The intact rushed over to the wounded. There were hugs, anxious inquiries about missing friends.
Then the men lined up by battalion and faced the Dome of the Rock. Motta, Stempel, and Uzi Narkiss stood before the soldiers. Motta had asked Arik to join them, but he preferred to stand with his staff.
I would gladly have forgone this victory, thought Arik, had it not been forced on us.
Motta addressed his men: “Many Jews risked their lives, throughout our long history, to come to Jerusalem and live in it. Innumerable songs expressed the deep longing. . . . In the War of Independence, great efforts were made to return to the nation its heart—the Old City and the Western Wall.
“To you fell the great honor of completing the circle, to return to the nation its capital and the center of its holiness.
“Many paratroopers, including our closest friends, the most veteran and the best among us, fell in the difficult battle. It was a merciless battle, in which you functioned as a body that pushes aside everything in its way without noting its wounds. You didn’t complain. . . . Instead, you aspired only forward. . . .

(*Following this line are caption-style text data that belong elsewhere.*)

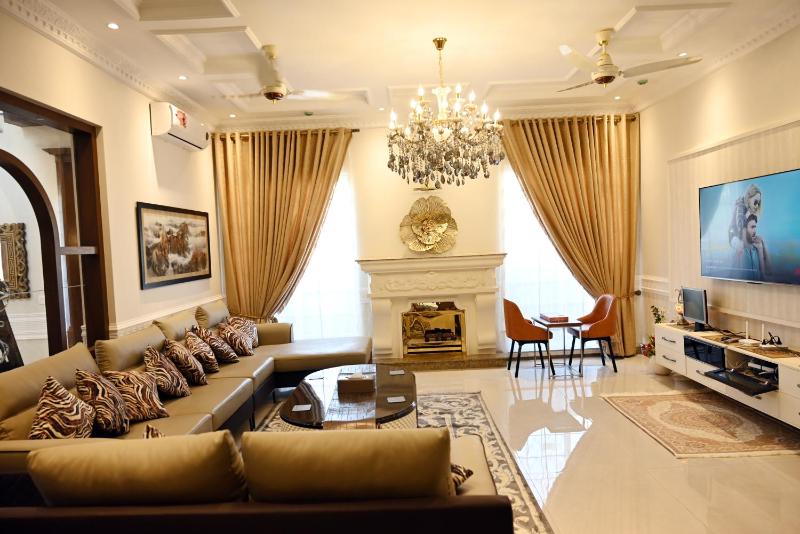 Luxury Spanish Villa Close to Raya Fairways Commercial - image 15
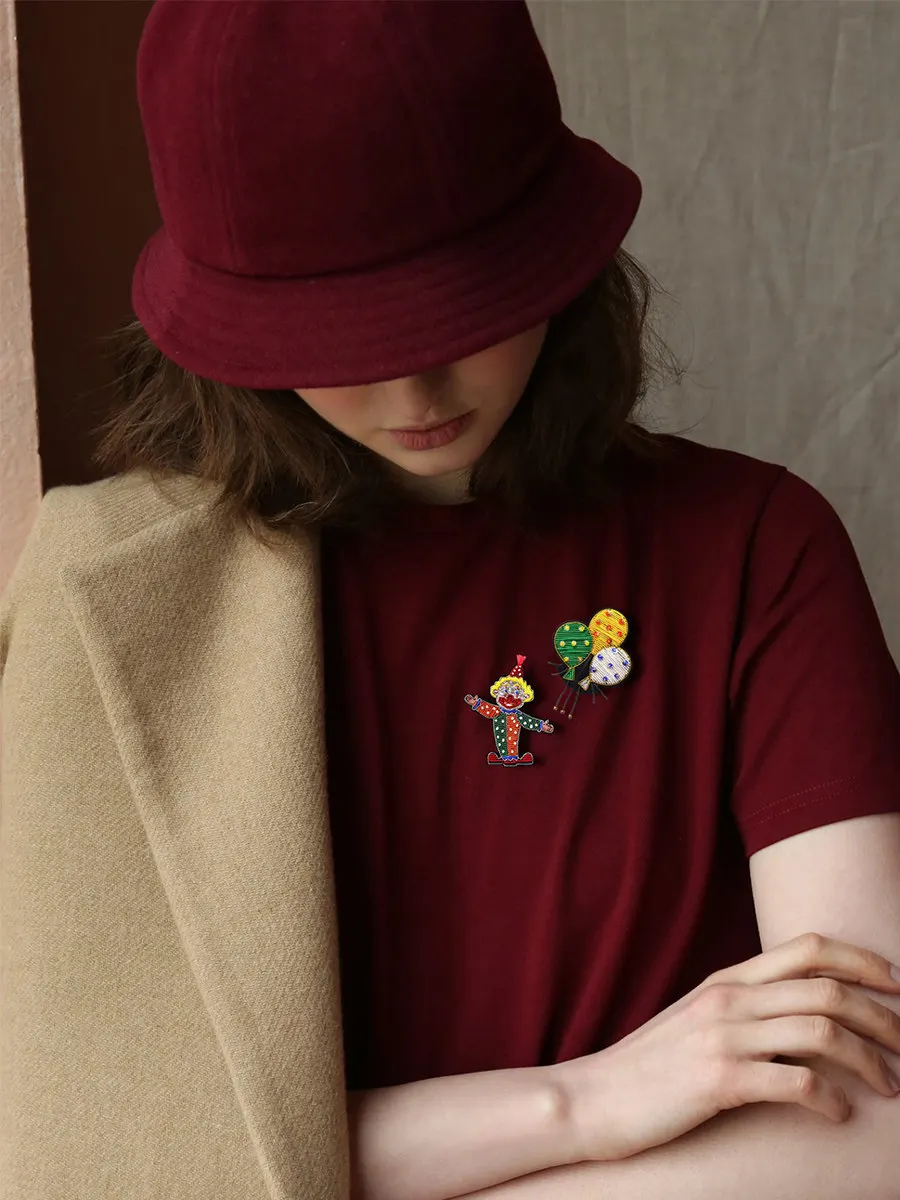手刺繍の高級絶品ピエロブローチ、胸飾り、ユニークなデザインのピンアクセサリー、バルーンバッジ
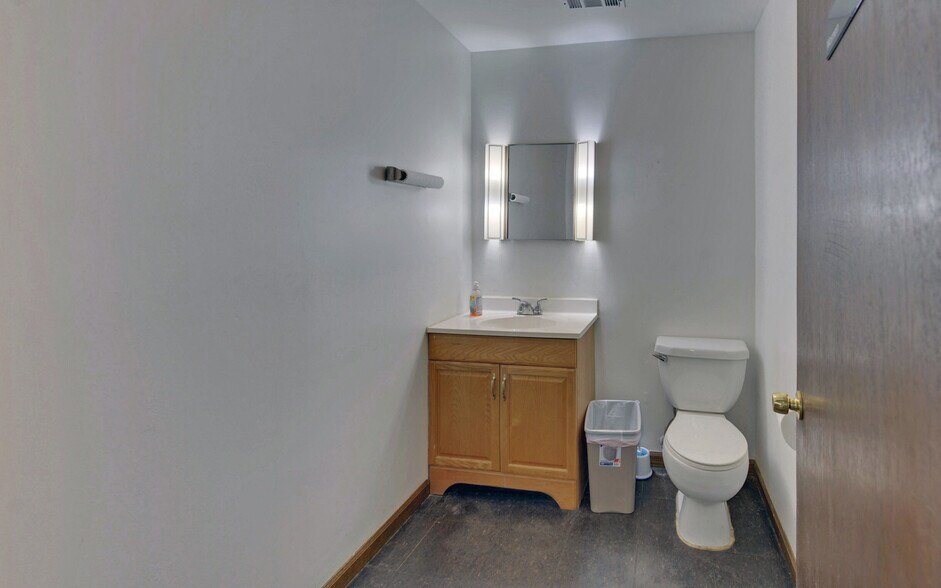 More Photos Of 250 E Currahee St, Toccoa Warehouse For Sale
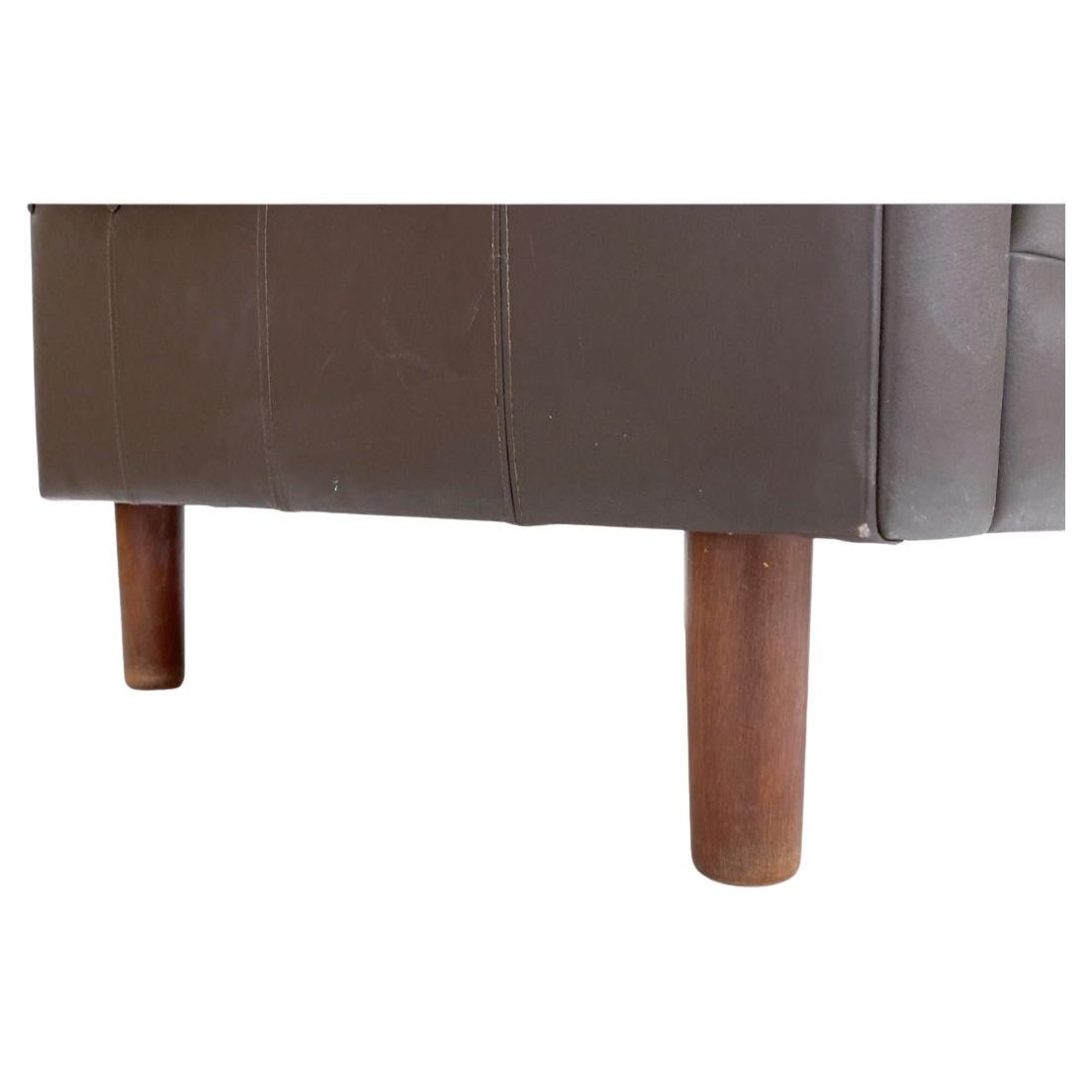 Mid-Century Modern Pair of Mid-Century Leather Lounge Chairs Danish For Sale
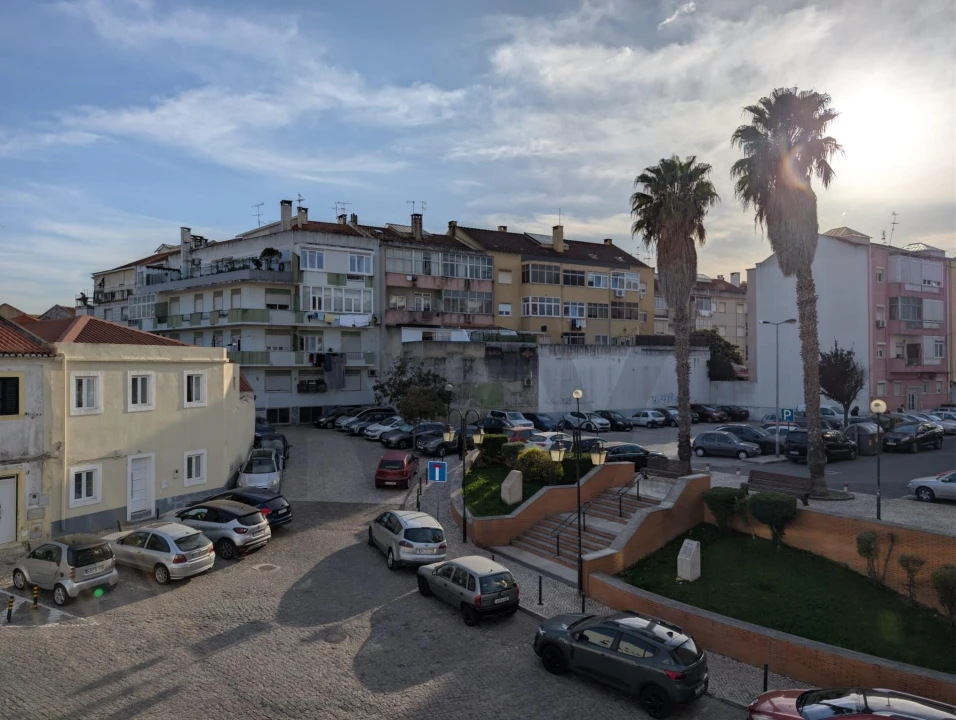 Apartamento T2 para Venda em Sacavém e Prior Velho Foto 27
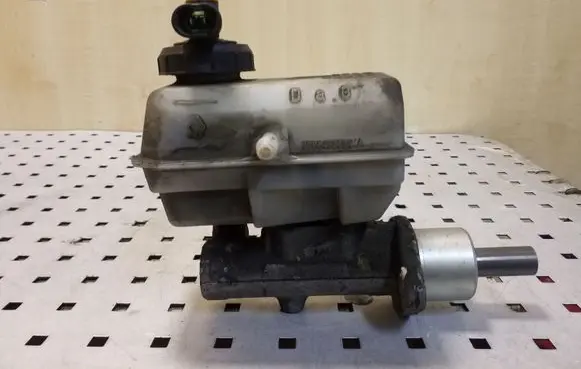 Renault Espace III Master brake cylinder 7700432324A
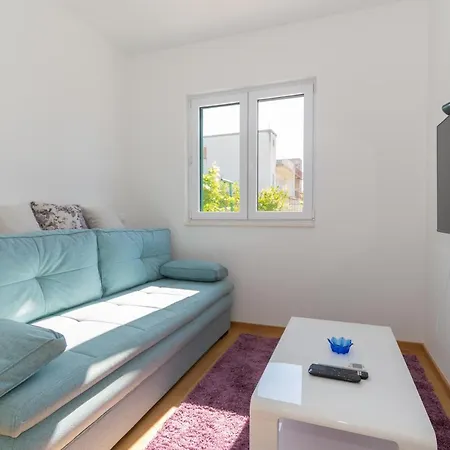 Apartments Lovor & Lavanda Kastela Exterior photo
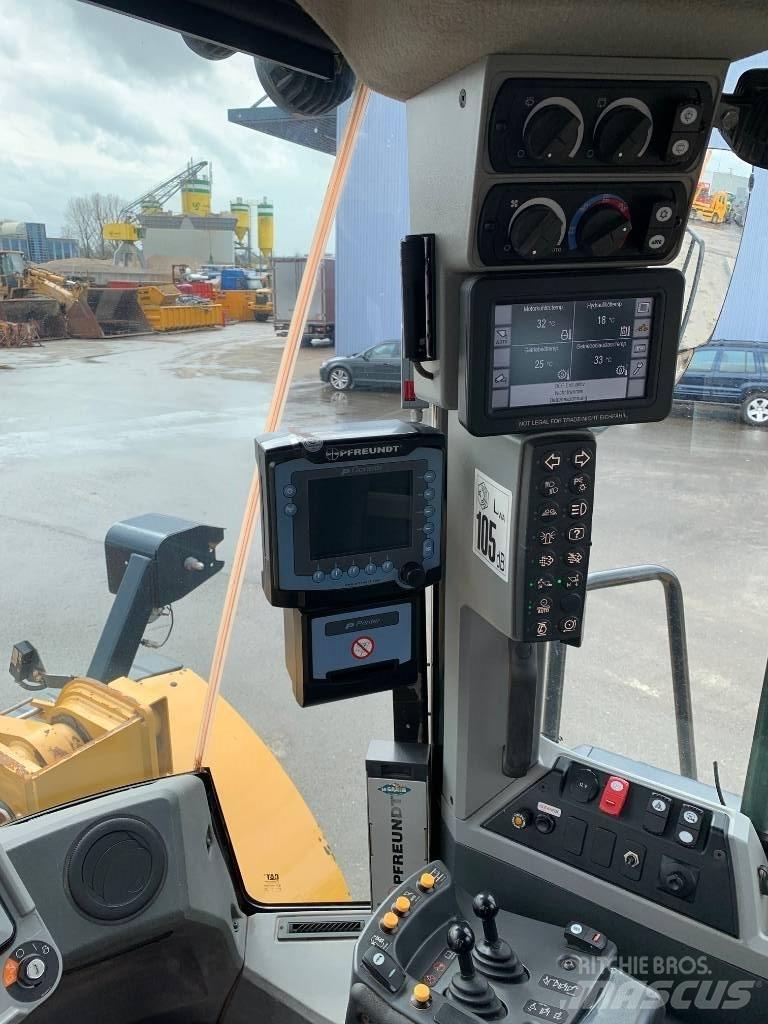 CAT 966 M XE Wielladers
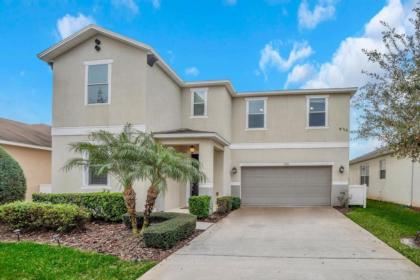 You have Found the Ultimate Villa on Crystal Cove Resort Orlando Villa 5056 - image 4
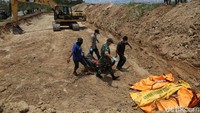 Mereka juga membantu proses pemakaman massal korban gempa Palu.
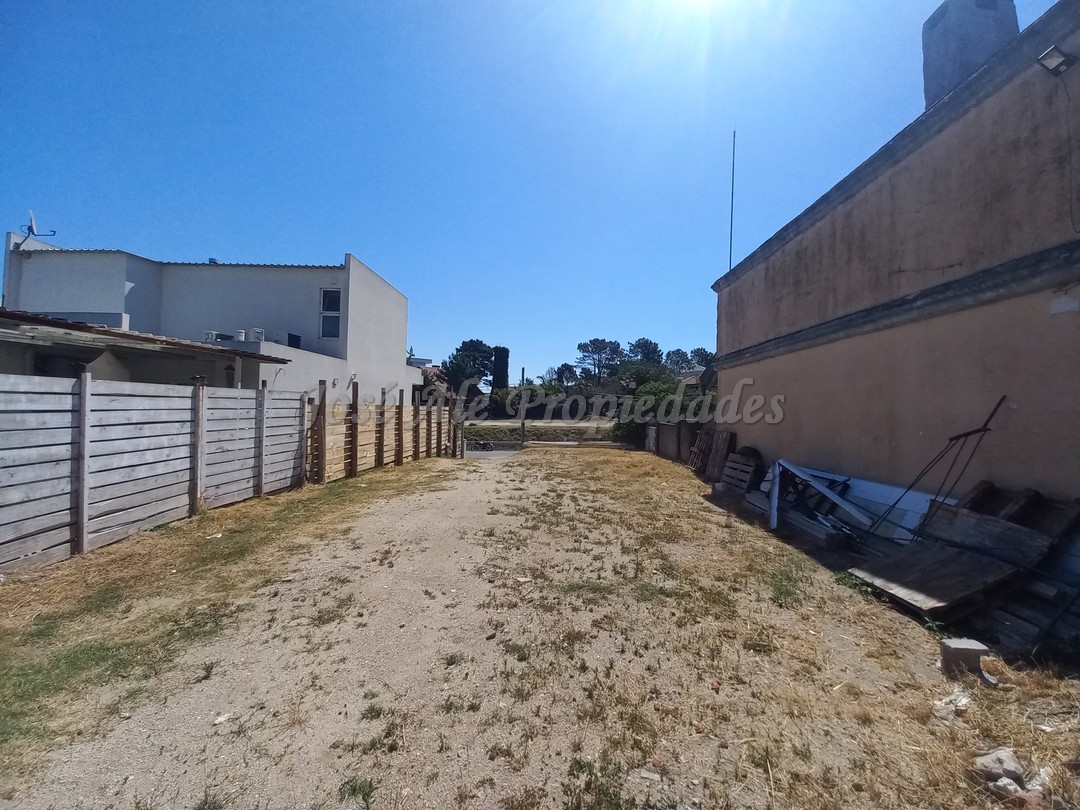 Imagen 7 de Terreno ubicado sobre la calle Villamajo en una hermosa zona de Colonia.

“Jerusalem is yours—forever.”
THE BRIGADE WAS discharged, but the officers stayed on for debriefings and hospital visits. Motta asked Arik to remain in uniform for another three months, until the fall semester at university, to prepare the final report on the battle for Jerusalem. Arik had had other plans. He needed to make up exams. And he intended to marry Yehudit Hazan. But he couldn’t say no to Motta.
That night, the two men shared a hotel room. After showering, they sat in their underwear, on the edge of their beds. “Tell me who,” said Motta.
Until then, Motta hadn’t had a complete list of the brigade’s dead. Arik began reciting from memory the names of their fallen friends, over twenty of the brigade’s veterans alone, with whom they’d served since the mid-1950s.
Motta broke out in loud sobs.
Arik couldn’t remember the last time he had wept; that was a privilege denied him. He bowed his head, averting his gaze to give Motta an approximation of privacy, and waited until the weeping passed.